The function mutates its input parameter, which no search function should do (we want to search, not search and sort).

Efficiencies and mutation aside, the logic is difficult to parse and is overkill in any circumstance. Not all nested conditionals lead to a return, so it's possible to return None by default.

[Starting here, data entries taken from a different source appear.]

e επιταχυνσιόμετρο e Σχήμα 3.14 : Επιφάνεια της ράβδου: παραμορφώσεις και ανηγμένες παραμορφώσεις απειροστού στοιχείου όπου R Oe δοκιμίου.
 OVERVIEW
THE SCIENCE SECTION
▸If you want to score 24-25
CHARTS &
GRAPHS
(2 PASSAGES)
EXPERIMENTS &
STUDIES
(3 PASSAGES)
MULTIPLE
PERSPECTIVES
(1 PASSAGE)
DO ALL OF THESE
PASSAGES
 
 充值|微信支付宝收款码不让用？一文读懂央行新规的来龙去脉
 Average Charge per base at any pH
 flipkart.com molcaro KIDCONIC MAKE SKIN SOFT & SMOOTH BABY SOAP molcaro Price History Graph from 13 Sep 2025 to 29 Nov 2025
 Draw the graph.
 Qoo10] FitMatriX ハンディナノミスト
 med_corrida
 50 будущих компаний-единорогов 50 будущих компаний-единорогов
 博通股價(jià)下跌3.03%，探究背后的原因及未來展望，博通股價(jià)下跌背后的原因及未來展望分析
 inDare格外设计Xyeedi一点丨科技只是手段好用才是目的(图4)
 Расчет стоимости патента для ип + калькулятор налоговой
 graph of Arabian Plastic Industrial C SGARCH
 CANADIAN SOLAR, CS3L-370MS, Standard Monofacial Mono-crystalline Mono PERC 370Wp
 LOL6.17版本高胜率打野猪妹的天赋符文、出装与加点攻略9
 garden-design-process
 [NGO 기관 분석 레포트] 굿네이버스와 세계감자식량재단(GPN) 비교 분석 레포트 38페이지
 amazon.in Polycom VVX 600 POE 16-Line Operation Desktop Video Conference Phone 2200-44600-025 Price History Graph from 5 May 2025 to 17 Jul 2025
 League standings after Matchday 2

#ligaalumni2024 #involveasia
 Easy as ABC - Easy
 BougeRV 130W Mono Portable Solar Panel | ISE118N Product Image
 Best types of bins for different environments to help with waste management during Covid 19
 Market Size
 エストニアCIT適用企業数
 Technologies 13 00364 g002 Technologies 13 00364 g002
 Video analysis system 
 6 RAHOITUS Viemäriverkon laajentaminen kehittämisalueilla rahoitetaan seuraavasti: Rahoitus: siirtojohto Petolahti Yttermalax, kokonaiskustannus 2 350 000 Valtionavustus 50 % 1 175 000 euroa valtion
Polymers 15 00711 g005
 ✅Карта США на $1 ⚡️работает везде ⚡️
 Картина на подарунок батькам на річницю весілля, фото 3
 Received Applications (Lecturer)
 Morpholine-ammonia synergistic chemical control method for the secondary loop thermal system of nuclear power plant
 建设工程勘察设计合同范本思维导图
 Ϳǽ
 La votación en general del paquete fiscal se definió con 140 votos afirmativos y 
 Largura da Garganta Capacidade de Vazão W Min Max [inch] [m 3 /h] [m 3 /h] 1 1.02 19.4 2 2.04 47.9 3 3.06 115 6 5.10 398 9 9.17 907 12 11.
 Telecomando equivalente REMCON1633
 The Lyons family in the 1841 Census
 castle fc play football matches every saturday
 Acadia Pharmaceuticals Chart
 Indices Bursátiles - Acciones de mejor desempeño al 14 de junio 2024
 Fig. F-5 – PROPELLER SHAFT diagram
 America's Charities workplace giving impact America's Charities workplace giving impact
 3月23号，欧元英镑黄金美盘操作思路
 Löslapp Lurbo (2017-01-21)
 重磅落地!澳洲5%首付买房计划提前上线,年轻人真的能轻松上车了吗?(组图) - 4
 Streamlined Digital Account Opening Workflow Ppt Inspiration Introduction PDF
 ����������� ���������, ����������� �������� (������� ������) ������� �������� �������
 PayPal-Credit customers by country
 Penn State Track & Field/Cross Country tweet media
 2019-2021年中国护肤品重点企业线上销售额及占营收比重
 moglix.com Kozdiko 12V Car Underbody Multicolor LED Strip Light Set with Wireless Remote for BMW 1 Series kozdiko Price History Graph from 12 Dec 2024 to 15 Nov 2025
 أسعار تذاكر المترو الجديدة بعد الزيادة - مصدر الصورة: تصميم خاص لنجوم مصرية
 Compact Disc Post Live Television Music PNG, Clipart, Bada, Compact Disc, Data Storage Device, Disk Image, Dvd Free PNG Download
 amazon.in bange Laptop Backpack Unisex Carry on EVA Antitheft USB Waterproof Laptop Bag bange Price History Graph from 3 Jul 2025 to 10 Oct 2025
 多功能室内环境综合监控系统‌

You can use the builtin bisect module:

>>> from bisect import *
>>> bisect_left([1,2,2,2,2,3,4,4,4,4,5], 2)
1
>>> bisect_left([1,2,2,2,2,3,4,4,4,4,5], 4)
6
>>> bisect_right([1,2,2,2,2,3,4,4,4,4,5], 4)
10
>>> bisect_right([1,2,2,2,2,3,4,4,4,4,5], 2)
5
>>> bisect_right([1,2,2,2,2,3,4,4,4,4,5], 15)
11
>>> bisect_right([1,2,5,6], 3)
2

If you have to write this by hand as an exercise, start by looking at bisect_left's source code:

def bisect_left(a, x, lo=0, hi=None):
    """Return the index where to insert item x in list a, assuming a is sorted.
    The return value i is such that all e in a[:i] have e < x, and all e in
    a[i:] have e >= x.  So if x already appears in the list, a.insert(x) will
    insert just before the leftmost x already there.
    Optional args lo (default 0) and hi (default len(a)) bound the
    slice of a to be searched.
    """

    if lo < 0:
        raise ValueError('lo must be non-negative')
    if hi is None:
        hi = len(a)
    while lo < hi:
        mid = (lo+hi)//2
        # Use __lt__ to match the logic in list.sort() and in heapq
        if a[mid] < x: lo = mid+1
        else: hi = mid

This is easy to implement recursively (if desired) and then test against the builtin:

def bisect_left(a, target, lo=0, hi=None):
    if hi is None: hi = len(a)

    mid = (hi + lo) // 2

    if lo >= hi: 
        return mid
    elif a[mid] < target:
        return bisect_left(a, target, mid + 1, hi)

    return bisect_left(a, target, lo, mid)

if __name__ == "__main__":
    from bisect import bisect_left as builtin_bisect_left
    from random import choice, randint
    from sys import exit

    for _ in range(10000):
        a = sorted(randint(0, 100) for _ in range(100))

        if any(bisect_left(a, x) != builtin_bisect_left(a, x) for x in range(-1, 101)):
            print("fail")
            exit(1)

Logically, for any call frame, there's only 3 possibilities:

• The lo and hi pointers have crossed, in which case we've either found the element or figured out where it should be if it were in the list; either way, return the midpoint.
• The element at the midpoint is less than the target, which guarantees that the target is in the tail half of the search space, if it exists.
• The element at the midpoint matches or is less than the target, which guarantees that the target is in the front half of the search space.

Python doesn't overflow integers, so you can use the simplified midpoint test.